DALL*E

A Progressive Journey Working With AI Art – Part 5 – Training the AI

I’ve had a bit of a pause on this series, for a few reasons, mostly just, the process is slow. One of the interesting things you can do with Stable Diffusion, is train your own models. The thing is, training models takes time. A LOT of time. I have only trained Embeddings, I believe Hyperwork Training takes even longer, and I am still not entirely sure what the difference is, despite researching it a few times. The results I’ve gotten have been hit and miss, and for reasons I have not entirely pinned down, it seems to have gotten worse over time.

So how does it work. Basically, at least in the Automatic1111 version of SD I’ve been using, you create the Embedding file, along with the prompt you want to use to trigger it. My Advice on this, make the trigger, something unique. If I train a person, like a celebrity, for example, I will add an underscore between first and last name, and use the full name, so it will differentiate from any built in models for that person. I am not famous, but as an example, “Ramen Junkie” would become Ramen_Junkie” for example. So when I want to trigger it, I can do something like, “A photograph of ramen_junkie in a forest”.

This method definitely works.

Some examples, If I use Stable Diffusion with “Lauren Mayberry” from CHVRCHES, I get an image like this:

Which certainly mostly looks like her, but it’s clearly based on some older images. After training a model for “Lauren_Mayberry” using some more recent photos from the current era, I can get images like this:

Which are a much better match, especially for how she looks now.

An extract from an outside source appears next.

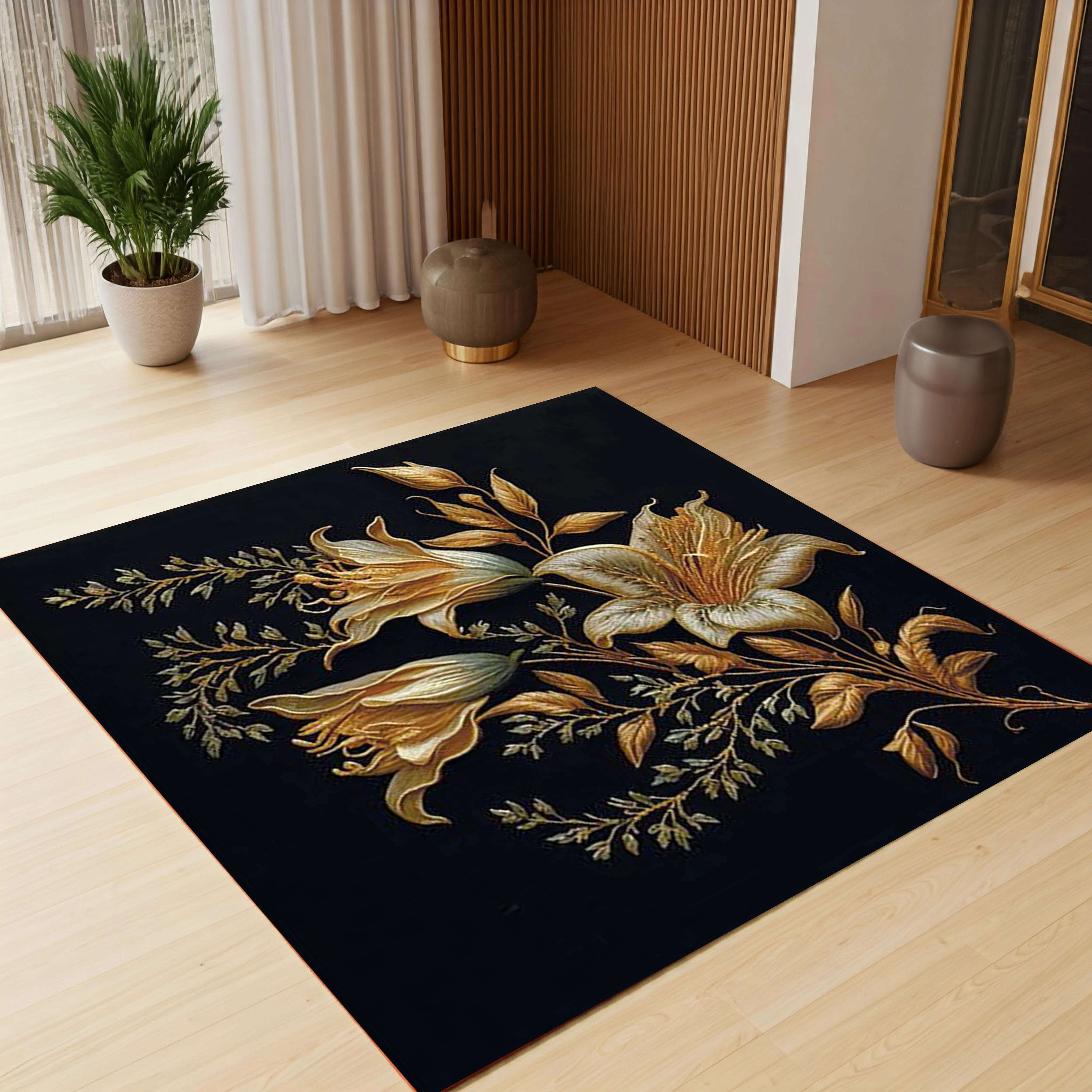 فرش زنبق طلایی - فرشینه و فرش مربعی کد Q136 - 75*75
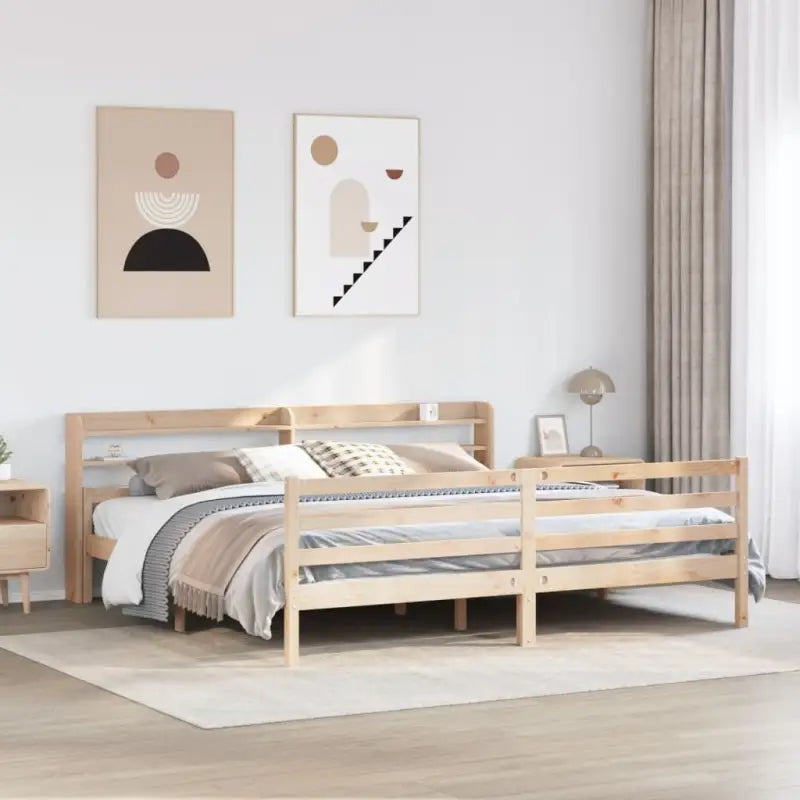 Massief grenenhout bedframe voor een natuurlijke en comfortabele slaap - Bruin / 200 x 200 cm - Bedden & bedframes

Anyway, after setting up the prompt and embedding file name, you preprocess the images, which mostly involves pointing the system at a folder of images so it can crop them to 512×512. There are some options here, I usually let it do reversed images, so it gets more data, and for people, I will use the auto focal point deal, where it, theoretically picks out faces.

The last step is the actual training. Select the created Embedding from the drop down, enter the folder of the preprocessed images, then hit “Train Embedding”. This takes a LONG time. In my experience, on my pretty beefy machine, it takes 11-12 hours. I almost always leave this to run overnight, because it also puts a pretty heavy load on everything, so anything except basic web browsing or writing is going to not work at all. Definitely not any sort of gaming.

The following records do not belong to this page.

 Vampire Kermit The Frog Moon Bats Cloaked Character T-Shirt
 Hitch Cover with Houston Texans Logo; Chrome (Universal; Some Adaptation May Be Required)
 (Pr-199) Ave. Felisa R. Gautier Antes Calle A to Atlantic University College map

The main drawback of the long time is, it often fails. I’m not entirely sure WHY it sometimes fails. Sometimes you get bad results, which I can understand, but the failing just leaves cryptic error messages, usually involving CUDA. I also believe sometimes it crashes the PC, because occasionally I check on it in the morning and the PC has clearly rebooted (no open windows, Steam/etc all start up). I generally keep my PC up to date, so it’s not a Windows Update problem. Sometimes if the same data set fails repeatedly I’ll go through and delete some of the less ideal images, in case there is some issue with the data set.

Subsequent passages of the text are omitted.